Figure 2 shows the results for a 70-y-old woman (patient 1) with liver metastases. Figure 2A shows differences in uptake between the 9 delineated vertebrae as well as the left and right hip bones, which were averaged (Fig. 2B) for all vertebrae and both hip bones, respectively, before use in the compartment model. Figure 2B highlights the characteristic contrasting biodistributions of the skeletal sites compared with the aorta and subcutaneous adipose tissue, showing longer elimination times for the red marrow in the vertebrae and hip bones. The total self-absorbed dose to the red marrow was estimated to be 0.093 Gy/GBq in the vertebrae (Fig. 2C) and 0.085 Gy/GBq in the hip bones (Fig. 2D). The contribution to the total self-absorbed dose from the specific uptake in the red marrow in the vertebrae and hip bones was 89% and 93%, respectively, and that from the nonspecific uptake in the blood compartments was 11% and 7%. As a result of the small volume of the bone cavity and subsequent statistical insufficiencies in the VOI, data collected for the sternum were not evaluated.
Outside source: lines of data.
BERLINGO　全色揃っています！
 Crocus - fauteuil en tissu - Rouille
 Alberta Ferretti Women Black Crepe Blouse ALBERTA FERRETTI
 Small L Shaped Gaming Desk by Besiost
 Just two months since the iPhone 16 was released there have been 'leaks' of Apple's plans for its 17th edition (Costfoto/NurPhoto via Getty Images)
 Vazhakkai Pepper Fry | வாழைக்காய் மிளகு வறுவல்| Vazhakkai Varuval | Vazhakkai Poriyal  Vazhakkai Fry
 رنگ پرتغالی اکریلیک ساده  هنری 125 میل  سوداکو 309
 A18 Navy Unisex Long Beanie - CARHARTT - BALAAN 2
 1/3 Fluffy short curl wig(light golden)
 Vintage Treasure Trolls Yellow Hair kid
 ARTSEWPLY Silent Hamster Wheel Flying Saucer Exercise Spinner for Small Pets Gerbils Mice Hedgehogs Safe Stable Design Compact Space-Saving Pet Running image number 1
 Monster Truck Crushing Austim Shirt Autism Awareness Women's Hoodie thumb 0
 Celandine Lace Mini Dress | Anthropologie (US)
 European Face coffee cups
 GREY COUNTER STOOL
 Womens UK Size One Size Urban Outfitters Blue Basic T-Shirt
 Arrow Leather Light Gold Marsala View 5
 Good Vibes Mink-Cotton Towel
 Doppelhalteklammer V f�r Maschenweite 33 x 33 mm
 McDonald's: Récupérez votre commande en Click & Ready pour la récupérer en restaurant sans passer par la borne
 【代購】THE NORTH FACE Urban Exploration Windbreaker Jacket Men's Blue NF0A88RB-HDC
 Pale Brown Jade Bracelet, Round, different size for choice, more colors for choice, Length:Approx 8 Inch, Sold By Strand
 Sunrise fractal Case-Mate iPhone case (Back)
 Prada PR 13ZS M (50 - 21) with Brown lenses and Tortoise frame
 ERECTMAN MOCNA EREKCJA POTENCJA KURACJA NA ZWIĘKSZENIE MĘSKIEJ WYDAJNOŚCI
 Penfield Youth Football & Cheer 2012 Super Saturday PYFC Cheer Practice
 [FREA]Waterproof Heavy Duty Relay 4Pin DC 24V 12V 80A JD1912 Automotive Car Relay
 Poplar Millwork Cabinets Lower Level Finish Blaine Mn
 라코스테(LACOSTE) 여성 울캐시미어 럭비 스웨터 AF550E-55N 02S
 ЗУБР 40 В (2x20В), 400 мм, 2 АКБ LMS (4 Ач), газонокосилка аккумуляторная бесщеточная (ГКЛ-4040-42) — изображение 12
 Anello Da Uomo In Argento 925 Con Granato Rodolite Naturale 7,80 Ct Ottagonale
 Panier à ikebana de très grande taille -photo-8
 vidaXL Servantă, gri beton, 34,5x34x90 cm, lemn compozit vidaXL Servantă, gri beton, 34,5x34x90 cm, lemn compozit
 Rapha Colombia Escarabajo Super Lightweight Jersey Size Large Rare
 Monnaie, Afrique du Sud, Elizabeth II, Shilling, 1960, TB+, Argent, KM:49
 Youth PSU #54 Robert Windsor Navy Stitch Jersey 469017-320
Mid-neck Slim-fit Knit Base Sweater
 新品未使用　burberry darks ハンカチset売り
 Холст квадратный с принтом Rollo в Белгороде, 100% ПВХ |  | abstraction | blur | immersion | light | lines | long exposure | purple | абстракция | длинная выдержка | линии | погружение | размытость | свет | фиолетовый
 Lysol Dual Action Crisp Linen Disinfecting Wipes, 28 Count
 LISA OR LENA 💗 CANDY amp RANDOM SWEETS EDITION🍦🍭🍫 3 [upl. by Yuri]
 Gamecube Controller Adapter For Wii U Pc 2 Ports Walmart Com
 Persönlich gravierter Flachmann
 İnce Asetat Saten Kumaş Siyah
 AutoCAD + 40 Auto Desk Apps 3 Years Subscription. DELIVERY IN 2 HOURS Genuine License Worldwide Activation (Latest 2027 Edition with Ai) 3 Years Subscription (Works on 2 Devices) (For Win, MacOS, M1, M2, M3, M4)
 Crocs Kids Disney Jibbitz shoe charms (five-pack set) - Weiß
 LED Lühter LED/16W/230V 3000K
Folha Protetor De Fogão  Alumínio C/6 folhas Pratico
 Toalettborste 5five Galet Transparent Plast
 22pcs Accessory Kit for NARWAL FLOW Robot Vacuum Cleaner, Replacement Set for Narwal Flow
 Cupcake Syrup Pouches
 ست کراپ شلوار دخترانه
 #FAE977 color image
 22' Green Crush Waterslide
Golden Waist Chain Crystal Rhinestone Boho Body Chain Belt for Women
Overall Biodistributions in Patients With and Without Metastases
In the 10 patients without confirmed bone metastases, the activity concentrations in the delineated T and L vertebrae and hip bones showed a rapid initial distribution phase similar to that of the descending thoracic aorta compartment, followed by late elimination (Fig. 3A). After the initial rapid distribution, all skeletal sites had activity concentrations that were higher than the activity concentration in the blood. In contrast, the low uptake in adipose tissue had similar biodistributions to blood. The 7 patients with confirmed bone metastases had higher activity concentrations in the skeletal sites than the patients without bone metastases (Fig. 3B). Biodistributions for each patient are provided in Supplemental Figures 1–17 (supplemental materials are available at http://jnm.snmjournals.org).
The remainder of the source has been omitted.